- PROBLEM DESCRIPTION -
Give the data again word for word; drop the pictures.

- PROVIDED MATERIAL -

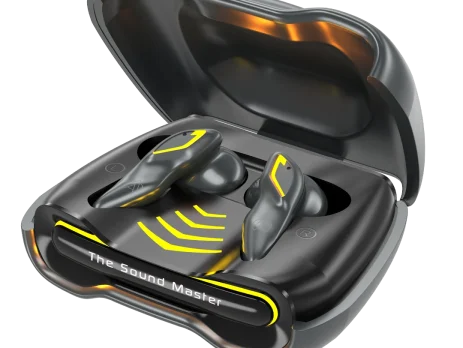 Audionic Battlebuds Gaming Earbuds inside illuminated RGB charging case
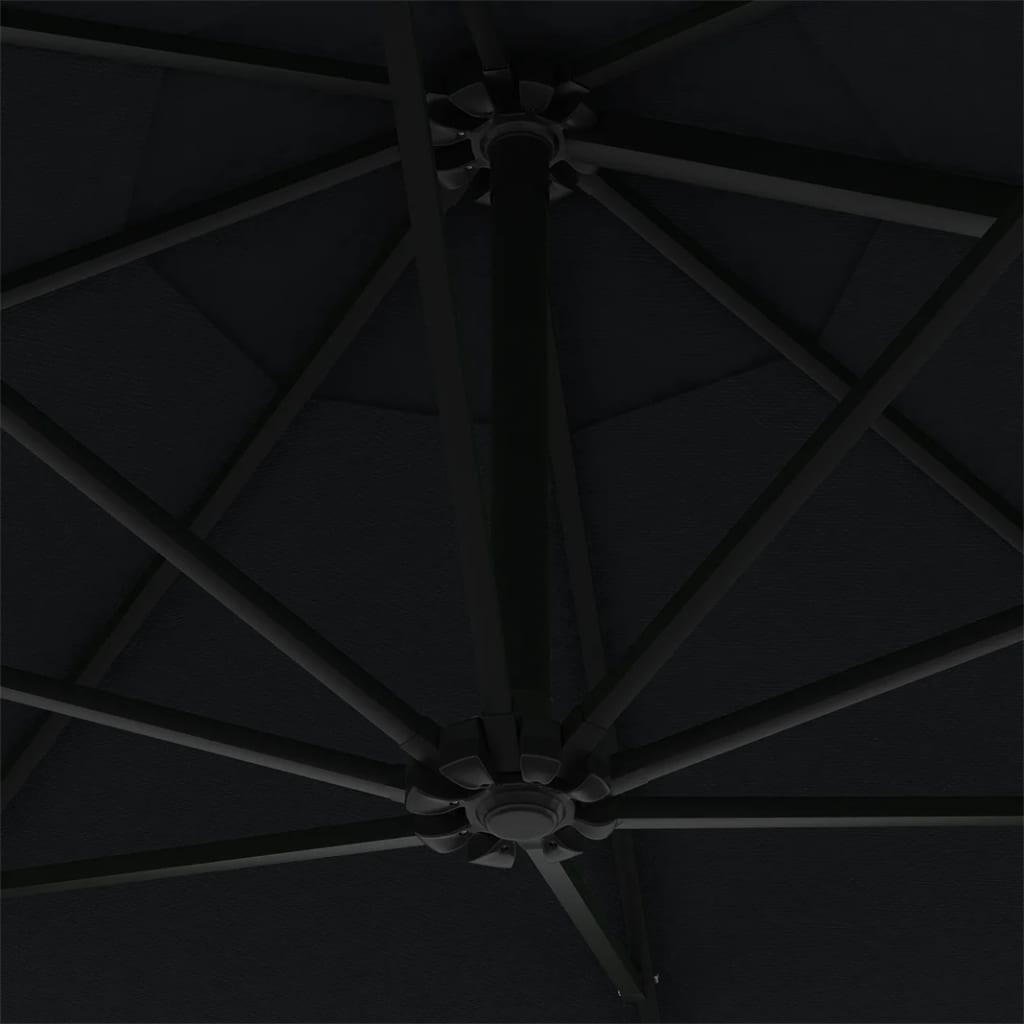 vidaXL Garden Parasol | Black | Polyester and Metal | Large | Garden Parasol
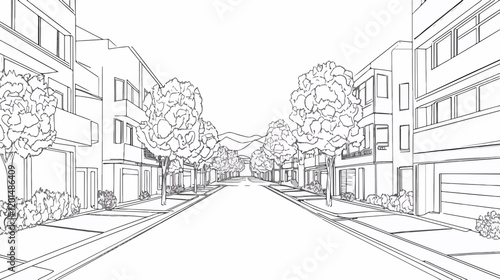 Wallpaper Mural Detailed Residential Street Road Continuous Line Art Flat Vector Graphic Torontodigital.ca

- EXPECTED ANSWER -
 Audionic Battlebuds Gaming Earbuds inside illuminated RGB charging case
 vidaXL Garden Parasol | Black | Polyester and Metal | Large | Garden Parasol
 Wallpaper Mural Detailed Residential Street Road Continuous Line Art Flat Vector Graphic Torontodigital.ca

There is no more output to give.